In particular, as the representative application method of the spindle synchronization, a work for supporting both ends of the workpiece and cutting a center portion of the workpiece is greatly effective in acceleration of processes after cutting, and since the cutting work is conducted at a constant peripheral speed for the workpiece, the spindle synchronization control that enables the rapid acceleration/deceleration is desirable in a reduction of working time. However, the prior art does not permit even a slight displacement of the above change gear ratio.
Also, in general, since there are many cases in which the chuck of the auxiliary spindle grips the workpiece in a state where the main spindle permits the workpiece to rotate, a large force is exerted on the main and auxiliary spindles and the servo motors at that time, the rotations of the main and auxiliary spindles are lowered, resulting in the event that mechanical coupling is made in a state where the main and auxiliary spindles are displaced from a designed position. In this event, the coupling work of the auxiliary spindle must be made again, thereby leading to such a problem that troublesomeness or time is taken for working.

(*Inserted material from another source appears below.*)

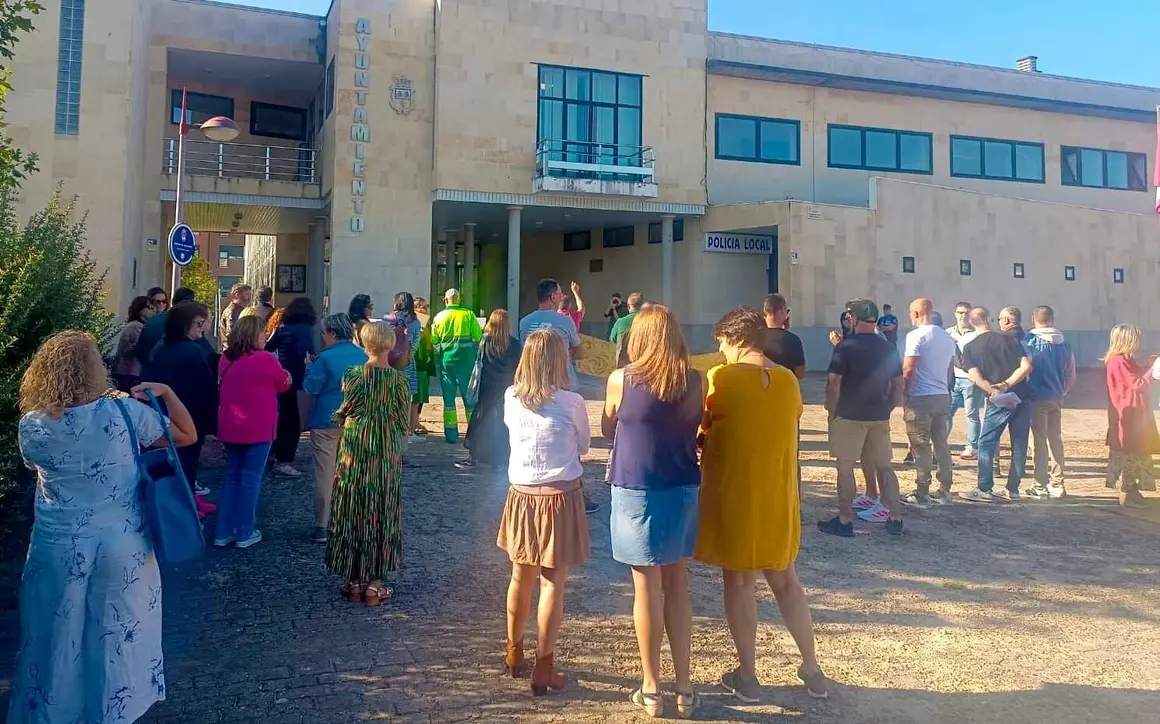Una amplia representación de los casi 300 empleados municipales de San Andrés del Rabanedo se ha concentrado este martes a las puertas del Ayuntamiento para reclamar el pago de sus salarios del último mes, que ascienden a 700.000 euros y que todavía no han sido abonados.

FIGS. 16 and 17 show a change in a difference of the position droop before and after both of the main and auxiliary spindles are coupled to each other through the workpiece, and a change in a difference of the position droop before and after both of the main and auxiliary spindles are coupled to each other not through the workpiece.
FIG. 17 showing a change in the difference of the position droop when there is no workpiece shows an appearance in which when a work of fastening the chuck on the auxiliary spindle side is made, an extremely large force is exerted on the servo motor on the auxiliary spindle side, with the results that the speed is decreased and the difference of the position droop becomes temporarily large but becomes soon small.
However, in the case where the workpiece is held by the chuck on the main spindle side and a work of fastening the chuck on the auxiliary spindle side is made, coupling may be made at the time when the speed decreases. If the chuck on the auxiliary spindle side is fastened to couple the main and auxiliary spindles to each other in the above manner, the difference between the position droops of the main and auxiliary spindles rises suddenly in a stepped state as shown in FIG. 16 and is continued until the position droop is released till chuck-off since chuck-on.
For that reason, since in the position control, a force that recovers a phase lag is exerted and reaches the torque limit value, it is necessary to correct the lag amount and to try coupling again.
In view of the above, the present invention has been made to solve the above problems, and therefore has an object to provide a synchronization control device for a servo motor, which enables the accurate synchronization driving of a main spindle and an auxiliary spindle and enables a rapid acceleration/deceleration driving even if a difference exists between the position droops of both the spindles when the main spindle and the auxiliary spindle are coupled to each other, and in particular, which can automatically cope with a change in a change gear ratio with a time even if a flexible structure such as a belt is employed for torque transmission between the spindles and servo motors.